Begin at the line containing "平顺试管婴儿包生男孩是不是真的｜试管婴儿包男女" and retype each line through the end of the records exactly. Include nothing else and no pictures.

===== INFORMATION

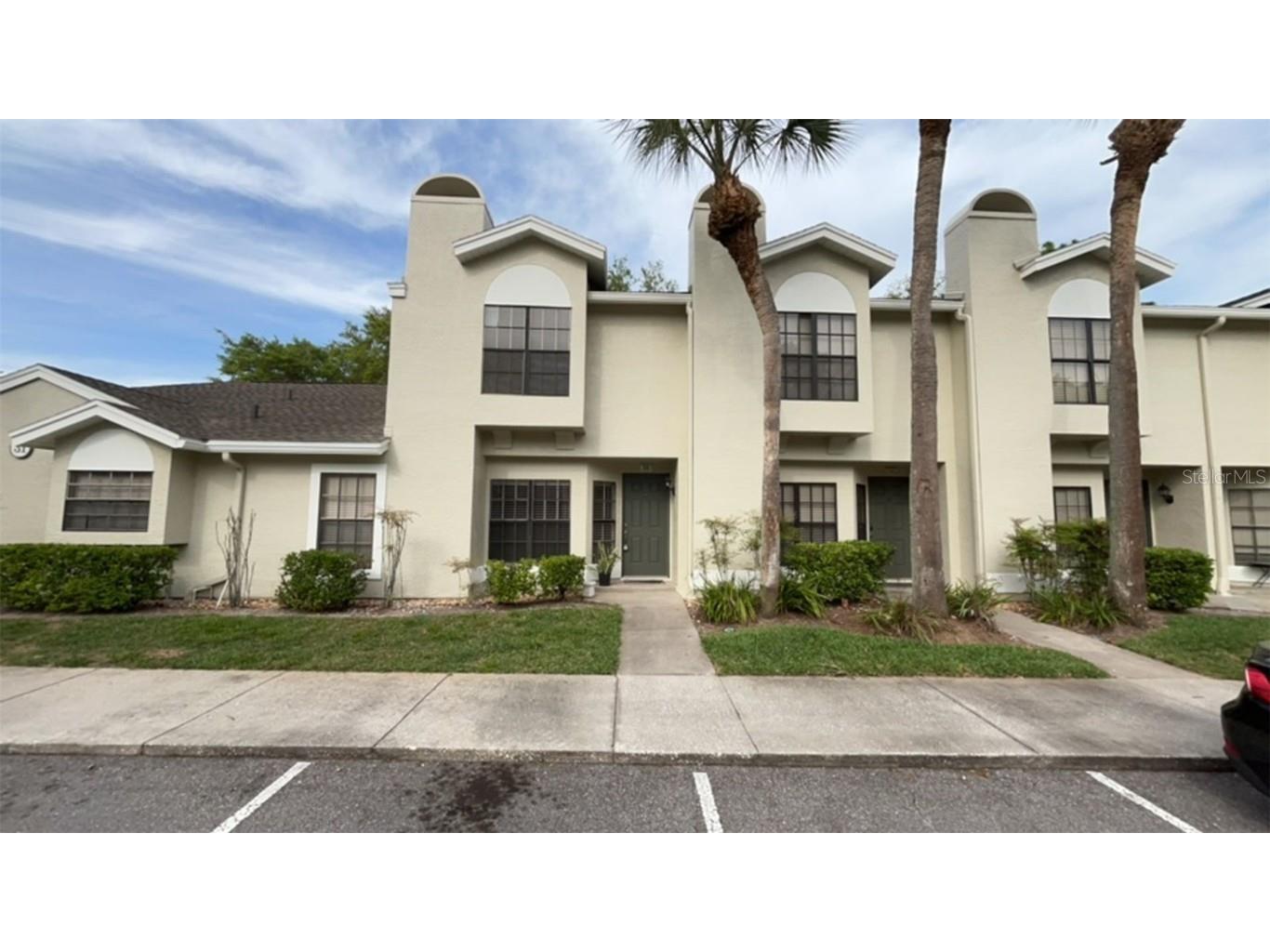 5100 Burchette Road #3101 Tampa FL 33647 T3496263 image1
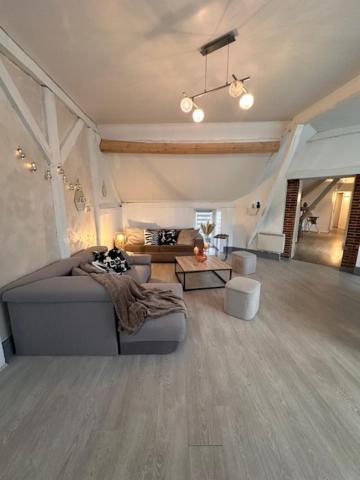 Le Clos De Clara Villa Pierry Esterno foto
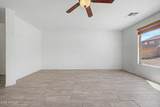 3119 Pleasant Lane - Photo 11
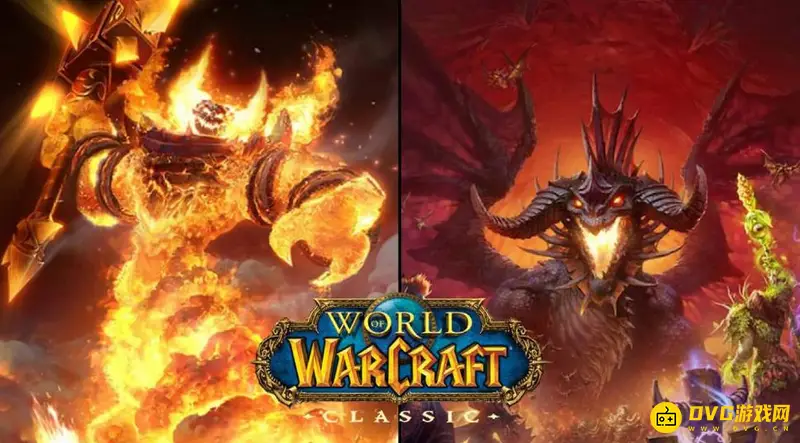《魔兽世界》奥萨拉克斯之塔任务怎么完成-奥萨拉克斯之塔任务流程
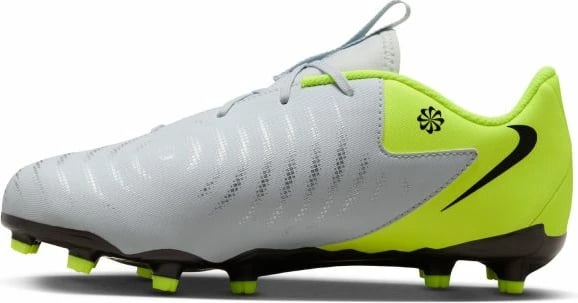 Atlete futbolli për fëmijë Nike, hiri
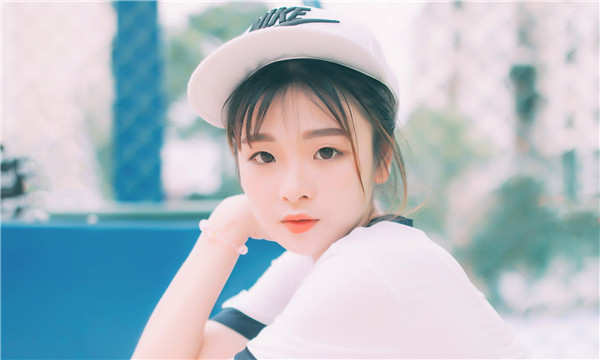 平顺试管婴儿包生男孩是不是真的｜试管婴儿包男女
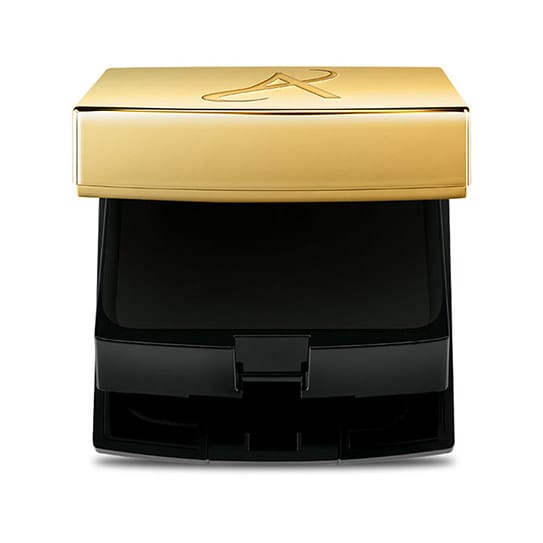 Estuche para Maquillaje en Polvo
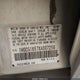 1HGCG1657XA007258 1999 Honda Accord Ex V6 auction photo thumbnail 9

==========

(REPLY):
 平顺试管婴儿包生男孩是不是真的｜试管婴儿包男女
 Estuche para Maquillaje en Polvo
 1HGCG1657XA007258 1999 Honda Accord Ex V6 auction photo thumbnail 9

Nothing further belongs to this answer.